Dogs Love the Scent of Their Humans
You’ve probably gotten used to the odors your dog produces at different times — their hot breath panting in your face before and after eating various things, their wet fur, the little farts they let out at the most inopportune moments.
You may not love all of these smells, but likely are accustomed to them, and might find them reassuringly familiar because your best furry friend is emitting them.
It turns out your sweet doggy with a much more powerful nose feels just the same about you, at least according to one study done at Emory University.
Twelve dogs were recruited to participate, five of whom had prior service or therapy dog training. All were pretty smart cookies, since they were able to be trained to get into an MRI machine, then keep perfectly still with their chin in a chin rest while wearing ear muffs to protect their ears from the noise from the MRI.

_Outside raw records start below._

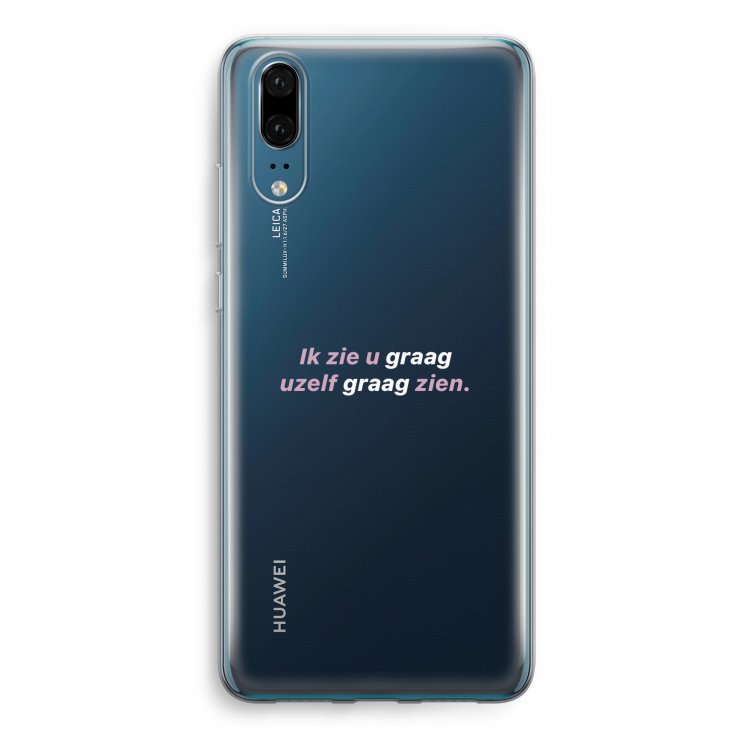 uzelf graag zien: Huawei P20 Transparant Hoesje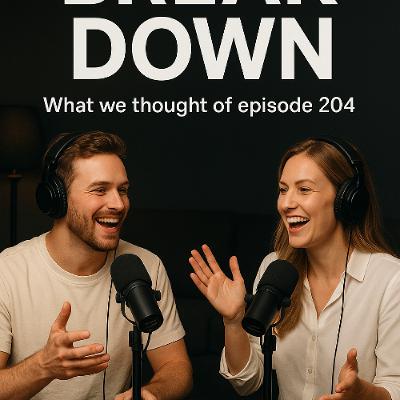 Breakdown - Episode 204 - What we Thought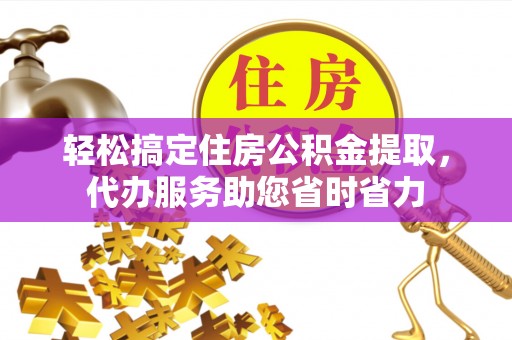 龙马潭轻松搞定住房公积金提取，代办服务助您省时省力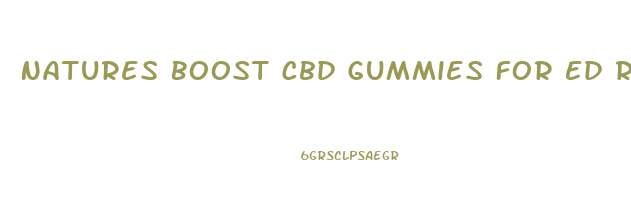 Natures Boost Cbd Gummies For Ed Reviews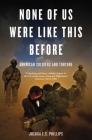 None of Us Were Like This Before: American Soldiers and Torture Cover Image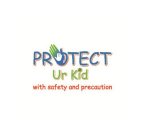 PROTECT UR KID WITH SAFETY AND PRECAUTION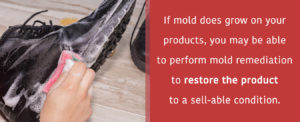 you may be able to perform mold remediation to restore the product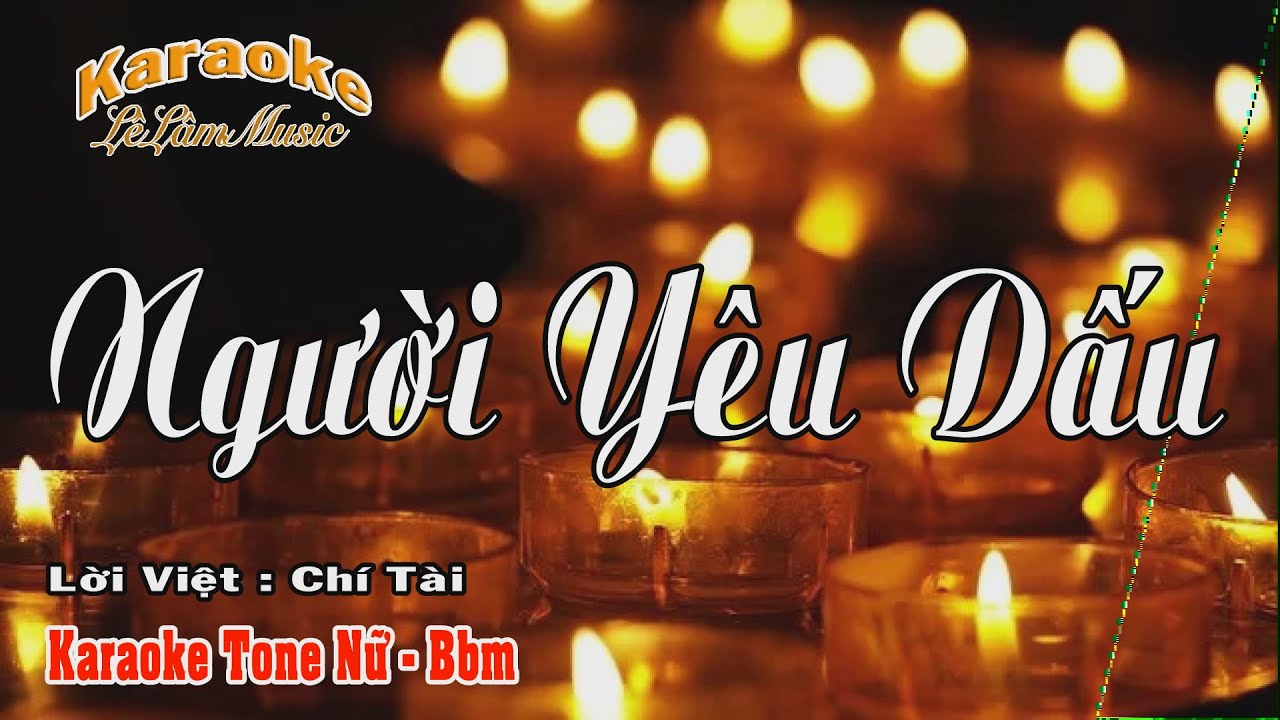 Karaoke - NGƯỜI YÊU DẤU - Tone Nữ | Lê Lâm Music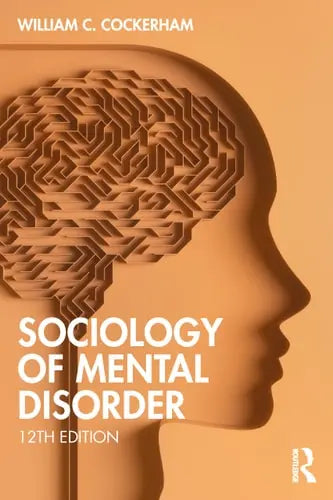 Sociology of Mental Disorder Routledge
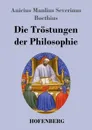 Die Trostungen der Philosophie - Anicius Manlius Severinus Boethius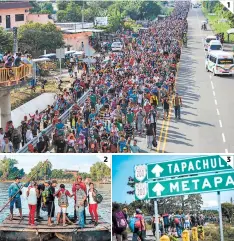  ?? FOTO: EL HERALDO ?? (1) Son 4,000 personas las que marchan a Tappachula. (2) En balsas cruzaron el río para ingresar a México. (3) La caravana no se ha detenido.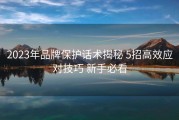 2023年品牌保护话术揭秘 5招高效应对技巧 新手必看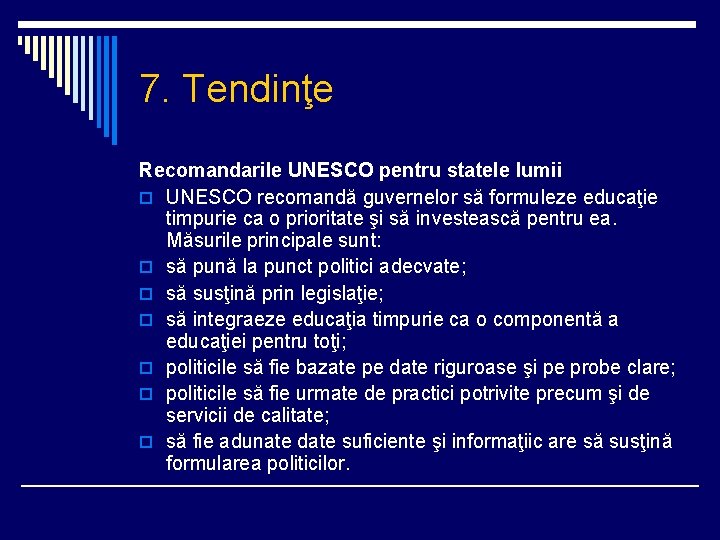 7. Tendinţe Recomandarile UNESCO pentru statele lumii o UNESCO recomandă guvernelor să formuleze educaţie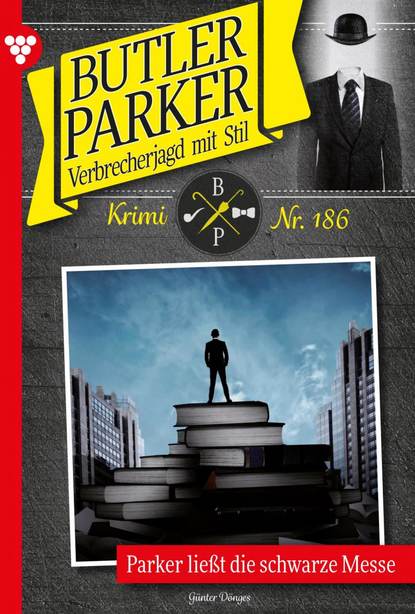Günter Dönges - Butler Parker 186 – Kriminalroman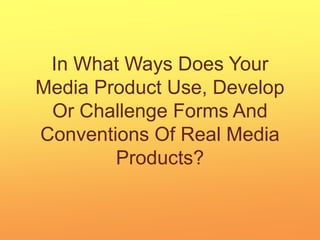In What Ways Does Your Media Product Use, Develop Or Challenge Forms And Conventions Of Real Media Products? 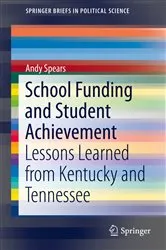 Book cover of School Funding and Student Achievement by Andy Spears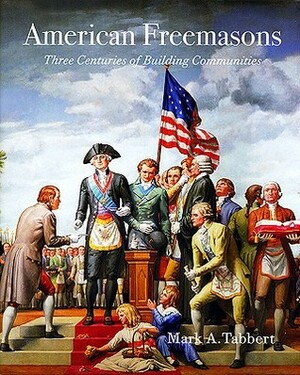 American Freemasons: Three Centuries of Building Communities by Mark A. Tabbert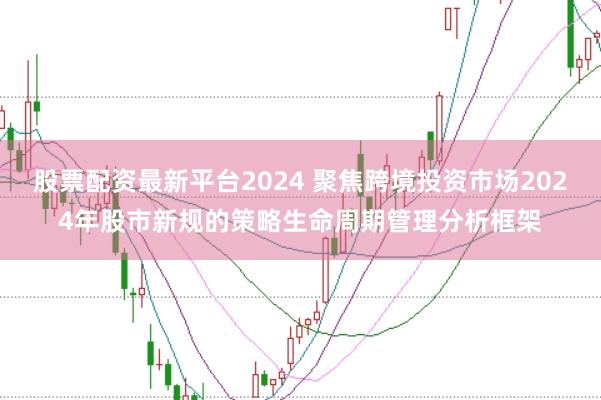 股票配资最新平台2024 聚焦跨境投资市场2024年股市新规的策略生命周期管理分析框架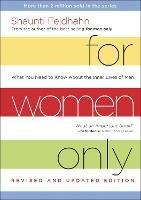 For Women Only (Revised and Updated Edition): What you Need to Know About the Inner Lives of Men - Shaunti Feldhahn - cover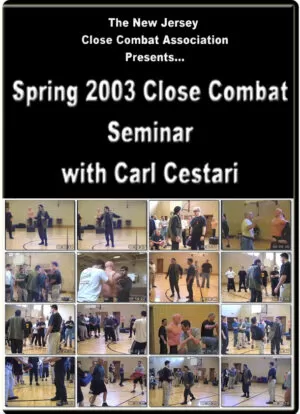 CARL CESTARI – SPRING 2003 CLOSE COMBAT SEMINAR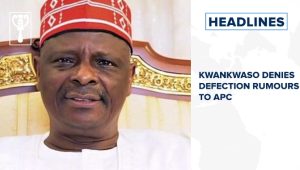 Kwankwaso denies defection rumours to APC and more stories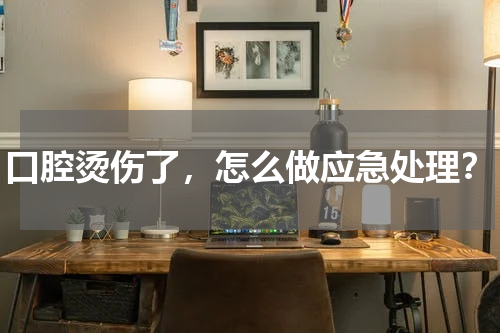 口腔烫伤了，怎么做应急处理？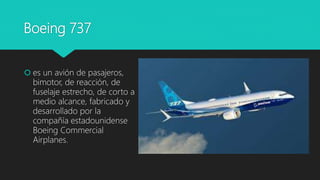 Boeing 737
 es un avión de pasajeros,
bimotor, de reacción, de
fuselaje estrecho, de corto a
medio alcance, fabricado y
desarrollado por la
compañía estadounidense
Boeing Commercial
Airplanes.
 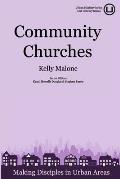 Community Churches: Making Disciples in Urban Areas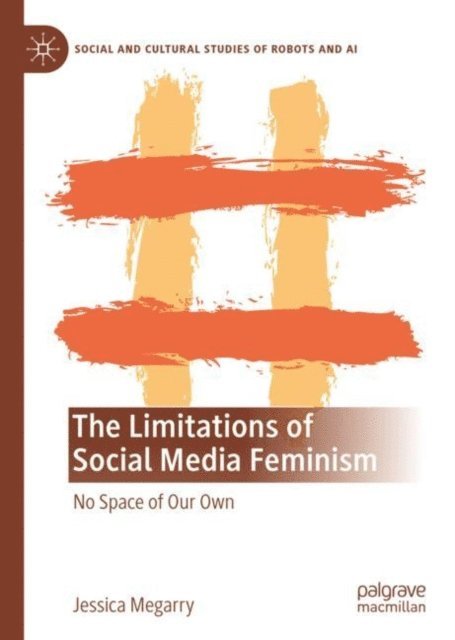 Jessica Megarry - Limitations of Social Media Feminism, E-bok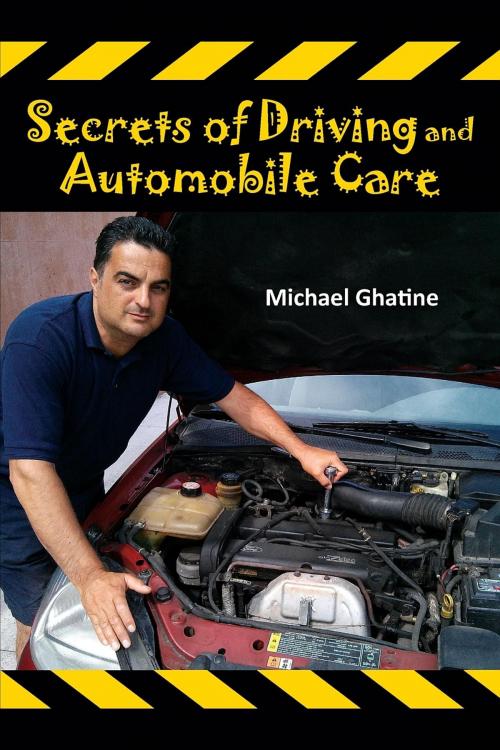 Cover of the book Secrets of Driving and Automobile Care by Michael Ghatine, Secrets of Driving and Automobile Care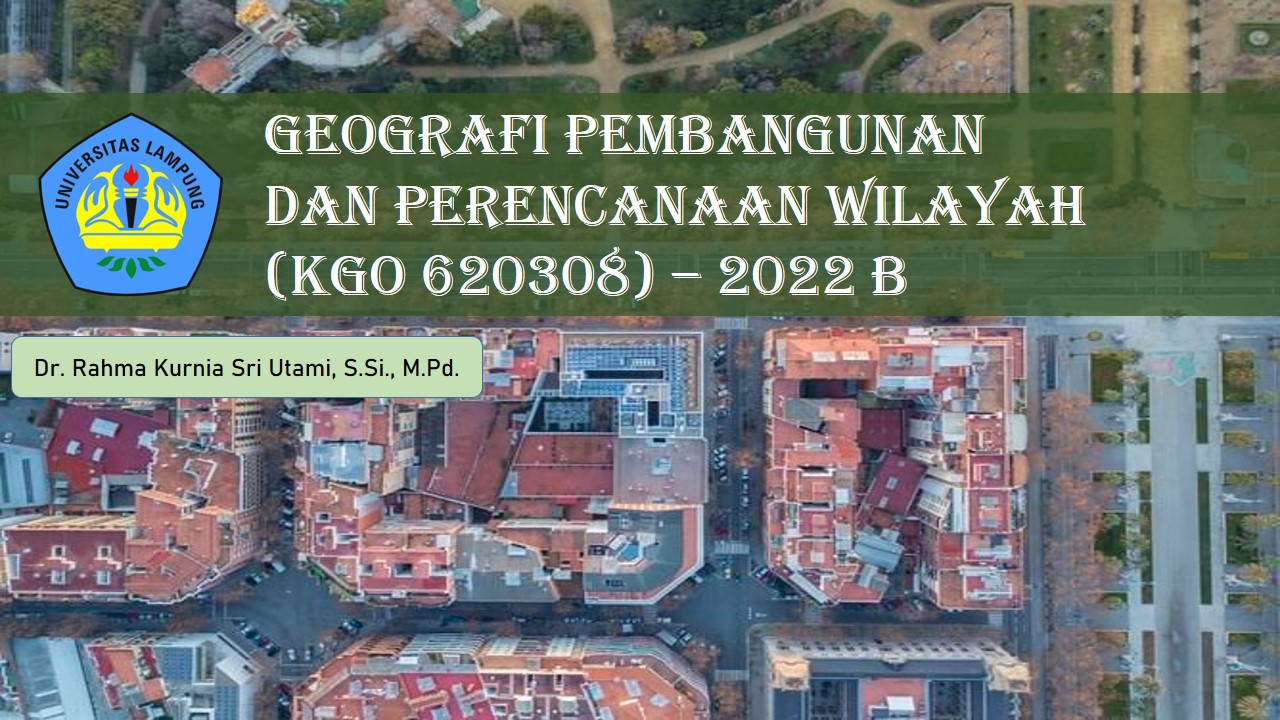 PSPG_Geografi Pembangunan dan Perencanaan Wilayah_Kelas 22B_Ganjil 2024/2025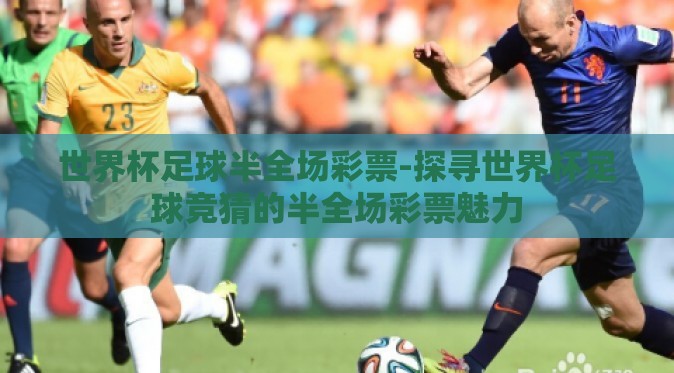 世界杯足球半全场彩票-探寻世界杯足球竞猜的半全场彩票魅力 世界杯足球半全场彩票-探寻世界杯足球竞猜的半全场彩票魅力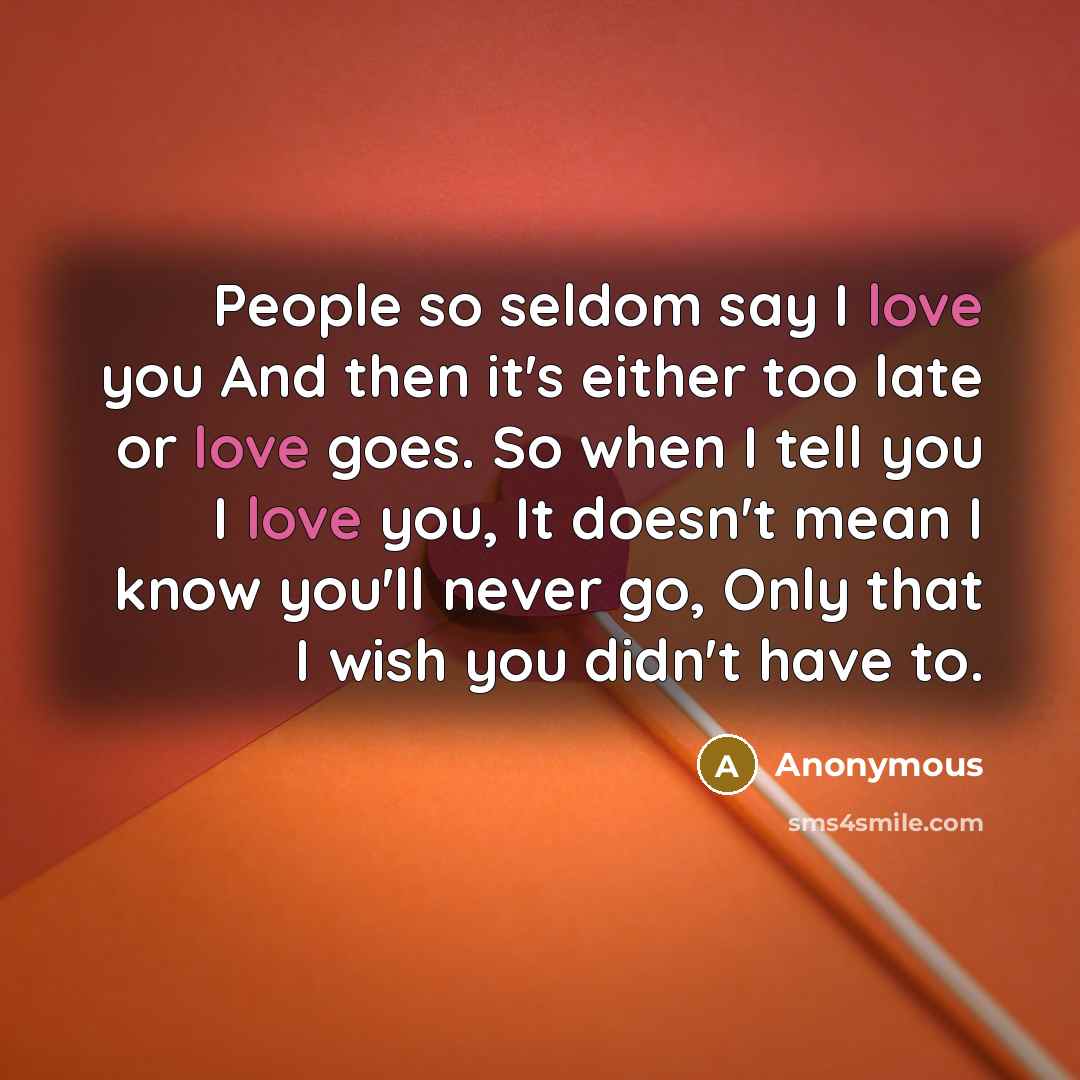 “People so seldom say I love you And then it's either too late or love goes. So when I tell you I love you, It doesn't mean I know you'll never go, Only that I wish you didn't have to.” quote by Anonymous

Each was then presented with cotton balls bearing five scents while the MRI scanned their olfactory centers and the caudate nucleus, an area located deep within the brain (we have it too) strongly linked with positive expectations and social reward.
These odors were: their own scent, that of a human family member, a dog from the same household, a human stranger and an unfamiliar canine. Though they were brought in by their owners, none of these other people or animals were at the lab, requiring the dogs to draw associations from memory.
And yes, in all 12 cases the dogs’ olfactory centers reacted to all of the scents, but their caudate nucleus lit up only when they were smelling their familiar human.
This was some of the first research done that attempted to measure whether dogs experience stronger ties with people or other canines, and their people were clearly top dog. As the study’s authors wrote, this “suggested that not only did the dogs discriminate that scent from the others, they had a positive association with it. This speaks to the power of the dog’s sense of smell, and it provides important clues about the importance of humans in dogs’ lives.”
It turned out that the service dogs were even more responsive to their familiar humans than the others, which is connected to some of the scientific motivation behind this study funded by the Office of Naval Research.
The study’s leader, neuroscientist and “How Dogs Love Us” author Gregory Berns, was at the time of the study trying to develop scientific methods for identifying which dogs would perform best as military or service dogs. Questions posed in the study include whether this extra activity in the service dogs’ brains was the result of nature, nurture or both.